__GOAL OF THE EXERCISE__. Copy the data below exactly, omitting any picture it contains.

__SOURCE DATA__.
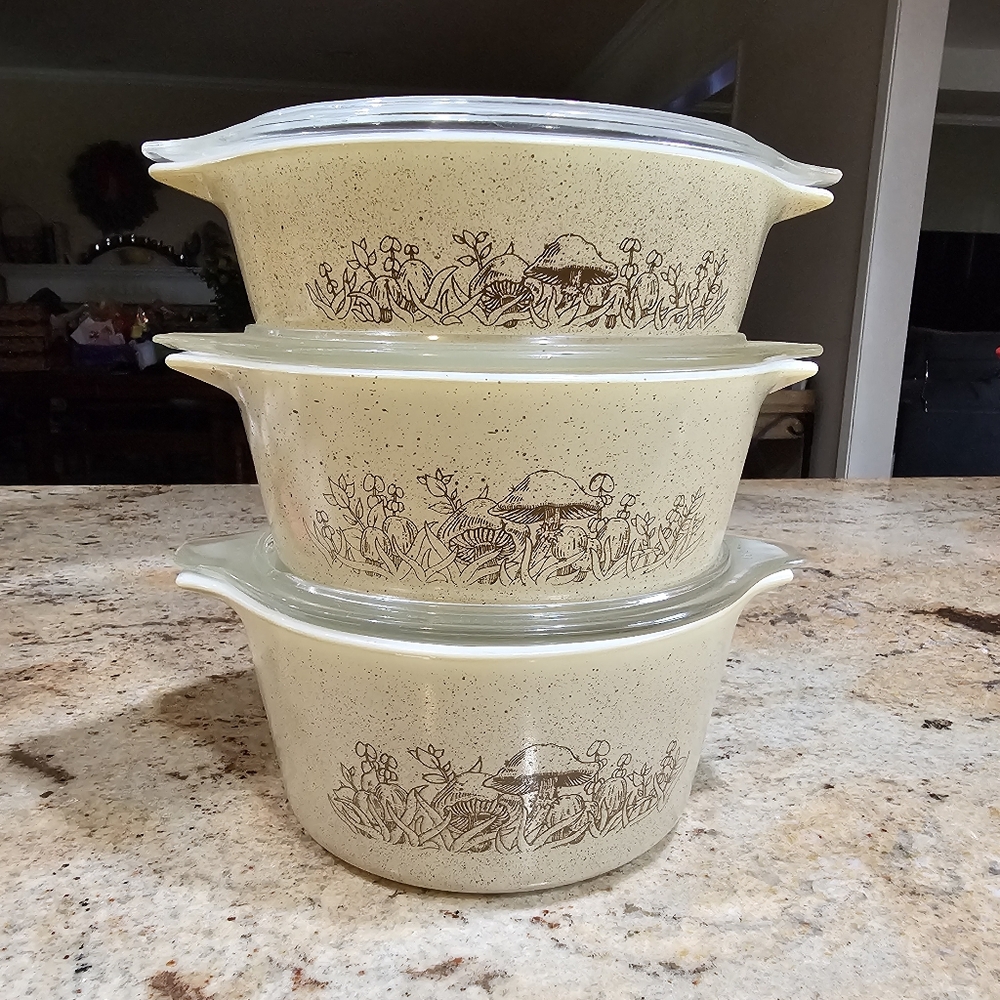 Vintage Forest Fancies Casseroles + lids by Pyrex
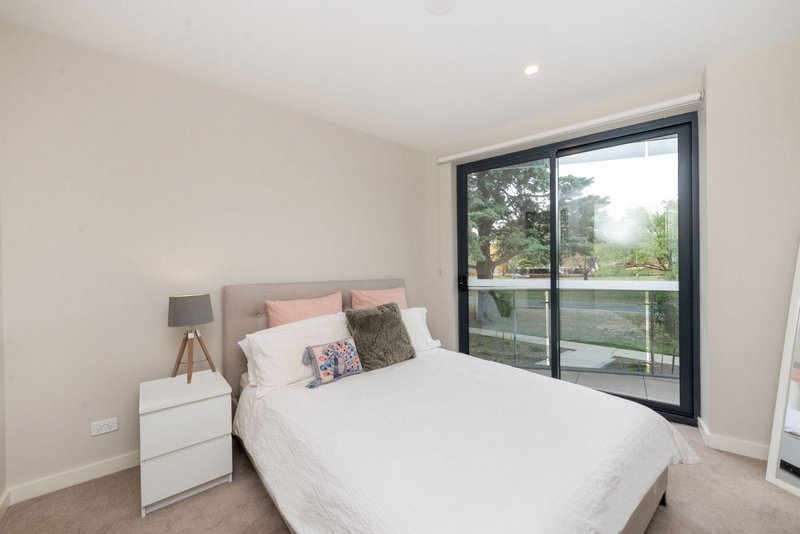Photo - 11/115 Canberra Avenue, Griffith ACT 2603 - Image 5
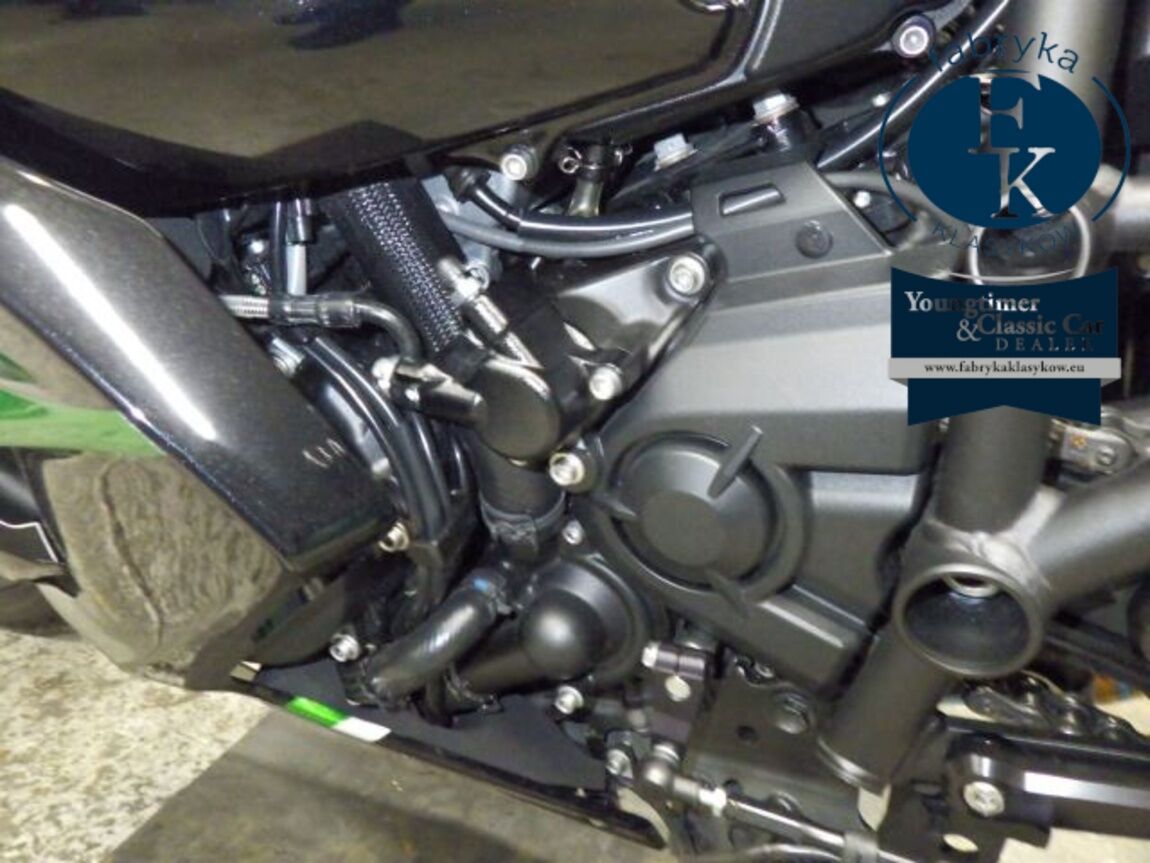 KAWASAKI NINJA H2 SX 2023 - zdjęcie 9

__FINAL ANSWER__.
 Vintage Forest Fancies Casseroles + lids by Pyrex
Photo - 11/115 Canberra Avenue, Griffith ACT 2603 - Image 5
 KAWASAKI NINJA H2 SX 2023 - zdjęcie 9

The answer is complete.